Depuis 21 jours, le peuple libanais est mobilisé pour dénoncer un système politique à bout de souffle. Les citoyens ont envahi les places des principales villes, pour crier leur colère face aux dirigeants accusés de corruption et d'incompétence. Reportage dans les rues de Beyrouth, où la contestation est à un tournant.

Un jeune libanais surplombe le centre ville de Beyrouth, QG de la révolte sociale
Un jeune libanais surplombe le centre ville de Beyrouth, QG de la révolte sociale © Radio France / Aurélien Colly

Sam a 40 ans, et il fait partie de ces dizaines de milliers de libanais dans la rue depuis 21 jours, pour dénoncer un système politique à bout de souffle, hérité de la guerre civile des années 1980. Avec des partis confessionnels minés par le clientélisme, un État qui a la troisième dette publique au monde et reste incapable d’offrir les services élémentaires - comme l’eau et l’électricité : 

Les gens ici payent deux factures d’électricité, deux factures d’eau, les infrastructures du pays chutent, il y a la corruption, il y a les inégalités… il ne faut surtout pas lâcher puisque c’est le seul moyen.

L'économie du pays est en récession, avec un chômage endémique et une livre libanaise au bord de l’effondrement. À travers le territoire, quasiment plus de barrages ou de routes coupées depuis hier, dans Beyrouth et les grandes villes, avec l'intervention des forces de l’ordre pour rouvrir partout la circulation, sans heurts avec les manifestants.

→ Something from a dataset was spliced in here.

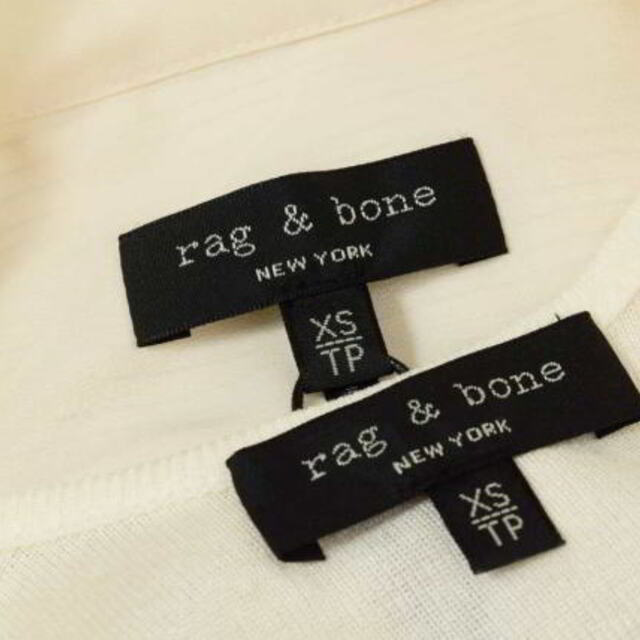 rag&bone ALFIE DRESS ストライプ ワンピース 7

Les blocages ne sont pas revenus, ni dans la journée, ni dans la soirée, et la foule des premiers jours non plus. Au 20e jour de mobilisation, le pays ne peut pas rester paralysé et les modes d’actions doivent changer comme l'estime Adi, la cinquantaine, avec son t-shirt siglé "résistance civile" : 

Qu'ont fait tous les partis au Liban? Rien. Et ils ont tout pris

Résultat : des manifestations-éclair depuis lundi, devant les sièges de la banque centrale et des grands opérateurs téléphoniques, devant le ministère de l’électricité - mais aussi sur la luxueuse marina de Beyrouth, celle de la famille du premier ministre, Saad Hariri, qui a démissionné la semaine dernière mais expédie encore les affaires courantes. "Tout ce qui représente la déliquescence de l’État et les abus de la classe politique", résume Adi.

Un mouvement au-delà des communautés religieuses

Appauvrissement, creusement des inégalités, économie atone, État inefficace et politiques qui se partagent le gâteau depuis 30 ans et la fin de la guerre civile : voilà le terreau de cette contestation sociale, de ce ras-le-bol, que les Libanais appellent déjà "révolution ". Parce que pour la première fois, elle dépasse les appartenances religieuses et communautaires.

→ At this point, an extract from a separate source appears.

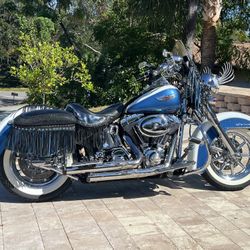 Harley Davidson ‘o4 Softail Deluxe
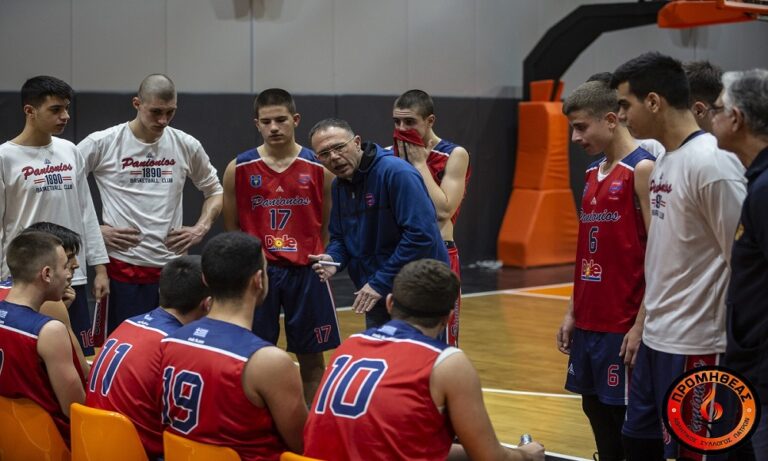 Κώστας Μελέτης: «Στον Πανιώνιο το όνειρο είναι συνυφασμένο με τον στόχο»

Mais face à la pression de la rue, les partis traditionnels et leur chef ne sont pas encore prêts de lâcher, eux qui tentent de reprendre le contrôle dans leurs rangs, tantôt en épousant les revendications citoyennes, tantôt en envoyant des milices casser du manifestant, tantôt en mobilisant leurs fidèles pour des contre-manifestations. C’est le bras de fer qui se joue en ce moment, selon Imad : 

Même s’ils n’ont pas l’air de s’entendre en public, ils se partagent tout sous la table…

"Ils essayent maintenant de contrôler, de calmer le jeu, mais je ne crois pas que ça va marcher, c’est plutôt une pause dans la mobilisation, en attendant de voir ce qu’ils font avec le gouvernement". Car la rue libanaise, qui a déjà obtenu la démission du premier ministre Saad Hariri la semaine dernière, attend maintenant un gouvernement de techniciens, sans représentation partisane pour des réformes urgentes, avant une nouvelle loi électorale et des législatives anticipées.